Starlink peut de nouveau servir ses clients français en leur fournissant un accès internet par satellite. Après consultation publique, l'Arcep a attribué le 2 juin une nouvelle autorisation d’utilisation de fréquences au fournisseur d'accès à Internet fixe de SpaceX. Ce dernier avait perdu sa licence d'exploitation le 5 avril à la suite d'une décision du Conseil d'Etat, après un recours engagé par deux associations écologistes, Priartem et Agir pour l'environnement.
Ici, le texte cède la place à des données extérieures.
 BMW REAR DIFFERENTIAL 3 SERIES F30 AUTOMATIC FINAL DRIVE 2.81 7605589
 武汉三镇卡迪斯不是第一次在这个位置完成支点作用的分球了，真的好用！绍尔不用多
La consultation publique ouverte par le régulateur des télécoms a permis de recueillir les réactions des "acteurs intéressés". Ont contribué l'Association des opérateurs télécoms alternatifs (Aota), l’Association des villes et collectivités pour les communications électroniques et l’audiovisuel (Avicca), le Centre national d'études spatiales (Cnes), la Commission supérieure du numérique et des postes, Eutelsat, Immarsat, OneWeb, Orange, les deux ONG à l'origine du recours, STMicroelectronics, Viasat, et Starlink lui-même. De nombreux particuliers ont également envoyé leurs témoignages, qui se résument la plupart du temps à dire que Starlink est leur seul moyen de bénéficier d'une connexion haut débit étant donné leur lieu d'habitation.
 

connecter les zones blanches

"Les contributions à cette consultation publique ont notamment fait ressortir l’intérêt du service Starlink pour développer la connectivité des 'zones blanches' mobiles ou mal desservies par les réseaux fibrés", note l'Arcep.
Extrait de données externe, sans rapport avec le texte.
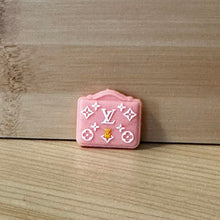 Load image into Gallery viewer, Love Purse - Pink &amp; White - SIlicone Focal Bead
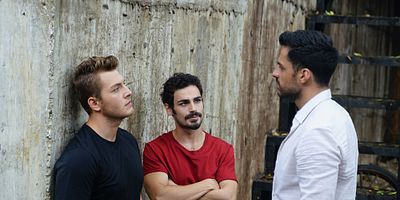 Gençliğim Eyvah 12.Bölüm posteri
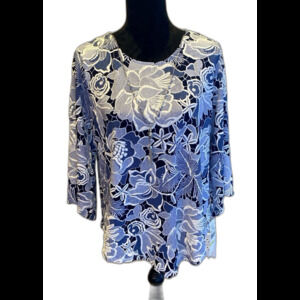 Alfred Dunner Blouse NEW Top Blue & White Pattern size Medium 3/4 Sleeve Dressy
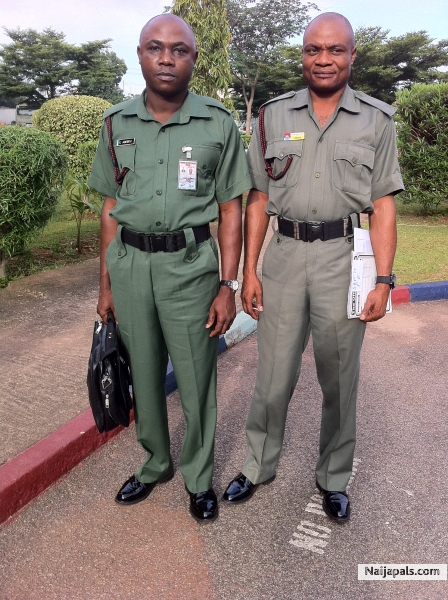 arriving the HQ with a senior colleaque - click for next photo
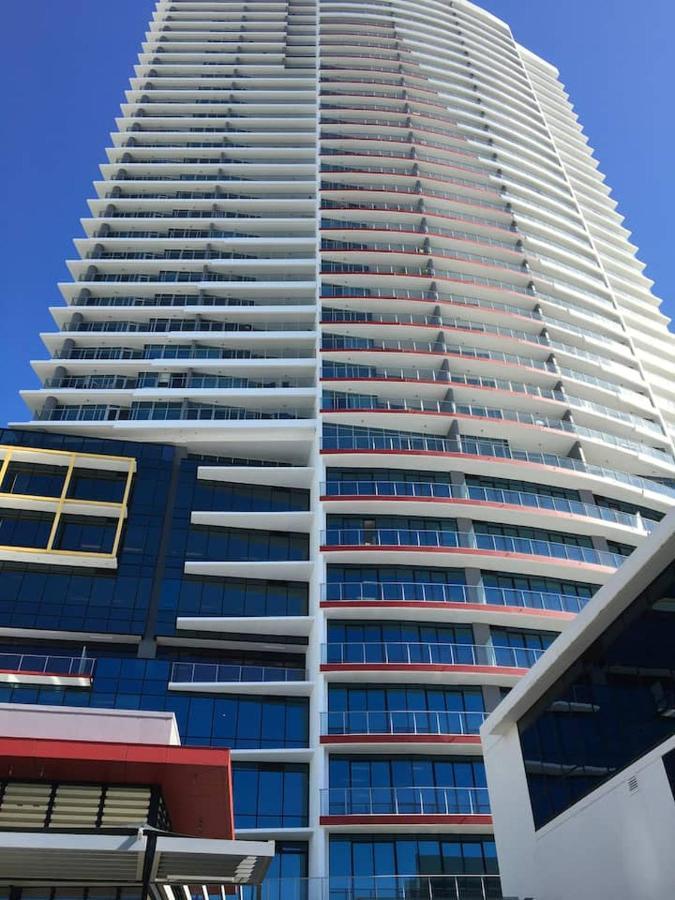 Three-Bedroom Apartment With Amazing View Near Surfers Paradise Gold Coast Dış mekan fotoğraf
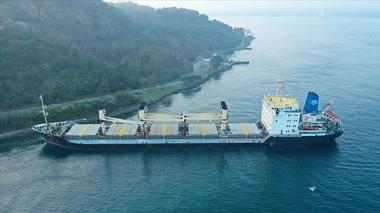 O navă din Ucraina a eşuat în Strâmtoarea Bosfor, traficul maritim a fost întrerupt - VIDEO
L’Arcep autorise par ailleurs Starlink à utiliser les fréquences des bandes 10,95-12,70 GHz (sens espace vers Terre) et 14-14,5 GHz (sens Terre vers espace), liées à ses stations terriennes installées chez les clients, "afin de fournir des services d’accès à internet haut débit sur le territoire, avec une obligation de non-interférence vis-à-vis d’autres systèmes utilisant ces bandes de fréquences ou les bandes adjacentes".

Ces fréquences permettent aux satellites non géo-stationnaires de se connecter au réseau terrestre. Elles sont également utilisées par des satellites géostationnaires (dont ceux d'Eutelsat) pour la diffusion de chaînes de télévision et des services de connectivité pour des plateformes mobiles (avions, navires).
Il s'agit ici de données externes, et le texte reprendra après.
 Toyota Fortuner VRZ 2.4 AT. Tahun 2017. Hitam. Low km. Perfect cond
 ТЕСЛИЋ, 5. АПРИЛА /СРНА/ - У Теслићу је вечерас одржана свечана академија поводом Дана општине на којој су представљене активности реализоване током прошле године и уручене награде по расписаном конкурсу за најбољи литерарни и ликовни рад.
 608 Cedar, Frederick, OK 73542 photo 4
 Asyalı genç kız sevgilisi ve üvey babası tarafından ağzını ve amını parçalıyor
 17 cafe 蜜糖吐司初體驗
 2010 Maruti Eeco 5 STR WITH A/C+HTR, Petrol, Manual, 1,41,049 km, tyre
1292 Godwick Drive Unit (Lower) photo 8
4000 clients dépendent de starlink

Selon l'Avicca, plus de 50 000 utilisateurs accèdent au très haut débit en France métropolitaine à travers un accès satellite. L'association estime que "l’existence de Starlink ne saurait être remise en cause par une décision franco-française exotique", et "s’interroge sur les motivations des requérants à l’origine de cette situation pour le moins incongrue".

Priartem et Agir pour l'environnement, qui avaient déposé le recours, expliquent que la constellation de satellites Starlink génère une pollution lumineuse visible à l'œil nu et préoccupante pour les astronomes, des risques accrus liés aux débris spatiaux, et que les stations terrestres posent des questions relatives à la protection des données personnelles. Elles soulèvent également la question de l'impact des ondes sur la santé.

Starlink sert 4000 clients en France, dont 82% vivent en dehors des zones urbaines, et 50% dans des communes de moins de 5000 habitants (notamment en montagne), non ou mal desservies par les infrastructures classiques. La société exploite plus de 2100 satellites en orbite basse, et prévoit d'en déployer plus de 4400 satellites d’ici 2027. A terme, elle pourrait en exploiter 42 000.